Зато "музыка для двух гитаристов" — "Salut fur Caudwell" — Хельмута Лахенманна раскрыла новую грань инструментального театра. Строго говоря, никакого театра в "Салюте Кодуэллу" нет — разве что невероятная синхронность гитаристов, которые, не глядя друг на друга, одновременно вступают после двадцатисекундных пауз, и текст из философского трактата "Иллюзия и действительность" Кристофера Кодуэлла (британского писателя и философа неомарксистского толка). Представьте себе мерно скандируемый текст: "Свобода не может быть полной... Нейтрального художественного мира не существует" — в ритме буги-вуги, отстукиваемом на струнах и корпусе двух гитар.
Прозвучала и хорошо известная "Акустика" Маурисио Кагеля, которую дуэт "Глаз-ухо" играет вот уже 27 лет. Место действия больше всего напоминает какую-то мастерскую — то ли обувную, то ли музыкальную. Двое мастеровых — долговязый Дон Кихот (Теодор Росси) и коротышка Санчо Панса (Вильгельм Брук) — неторопливо щелкают сандалиями, как кастаньетами, обтачивают скрипичными смычками странного вида детали вроде колеса с гвоздями, пробуют на зуб граммофонную пластинку, подносят гитару к небольшому вентилятору, и она при этом начинает неожиданно таинственно гудеть.
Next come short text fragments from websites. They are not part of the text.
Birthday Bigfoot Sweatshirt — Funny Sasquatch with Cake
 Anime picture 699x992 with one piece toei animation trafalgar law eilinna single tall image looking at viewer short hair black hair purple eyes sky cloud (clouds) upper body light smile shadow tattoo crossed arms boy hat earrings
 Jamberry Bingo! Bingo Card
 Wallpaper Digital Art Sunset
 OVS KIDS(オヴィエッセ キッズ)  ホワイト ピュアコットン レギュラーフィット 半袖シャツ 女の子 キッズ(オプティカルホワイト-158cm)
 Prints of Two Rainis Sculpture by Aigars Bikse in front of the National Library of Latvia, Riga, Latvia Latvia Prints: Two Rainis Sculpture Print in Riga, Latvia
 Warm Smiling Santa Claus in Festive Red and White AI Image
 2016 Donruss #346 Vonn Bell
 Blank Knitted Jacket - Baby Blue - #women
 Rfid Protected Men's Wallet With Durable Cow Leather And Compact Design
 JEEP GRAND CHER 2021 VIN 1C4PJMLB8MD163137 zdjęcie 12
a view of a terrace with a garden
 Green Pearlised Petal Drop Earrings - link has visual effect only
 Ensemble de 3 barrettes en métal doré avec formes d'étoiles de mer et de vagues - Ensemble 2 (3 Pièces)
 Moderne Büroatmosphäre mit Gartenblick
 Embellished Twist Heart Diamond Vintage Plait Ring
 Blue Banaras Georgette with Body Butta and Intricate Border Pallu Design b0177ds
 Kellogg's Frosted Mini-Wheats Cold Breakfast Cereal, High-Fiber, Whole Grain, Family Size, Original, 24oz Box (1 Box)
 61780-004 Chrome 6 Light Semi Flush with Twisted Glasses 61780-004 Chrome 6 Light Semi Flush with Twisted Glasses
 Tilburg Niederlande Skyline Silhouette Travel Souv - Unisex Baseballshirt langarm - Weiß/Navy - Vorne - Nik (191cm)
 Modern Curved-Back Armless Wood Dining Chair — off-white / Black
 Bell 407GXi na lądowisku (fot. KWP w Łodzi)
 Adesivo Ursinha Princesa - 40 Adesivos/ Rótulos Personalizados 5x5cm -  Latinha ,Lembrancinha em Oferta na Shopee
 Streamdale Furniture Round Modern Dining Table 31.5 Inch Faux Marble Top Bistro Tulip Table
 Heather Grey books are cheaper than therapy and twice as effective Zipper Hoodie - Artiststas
Высший смысл этого "музыкально-инструментального" спектакля становится понятен, когда музыканты берут в руки более или менее привычные музыкальные инструменты: тогда вполне академичный звук кларнета вдруг начинает раздваиваться и расчетверяться. Это и есть реализация основного парадокса "фатального оптимиста" Кагеля: что ценнее — музыкальная фонограмма или "акустика", якобы не-музыкальный, но все-таки живой инструментарий? И становится ясно, что никакими другими средствами, кроме инструментального театра, животрепещущие вопросы (живет ли, например, музыка отдельно от живого исполнения, законно ли музицирование "под фанеру") нельзя было бы даже сформулировать.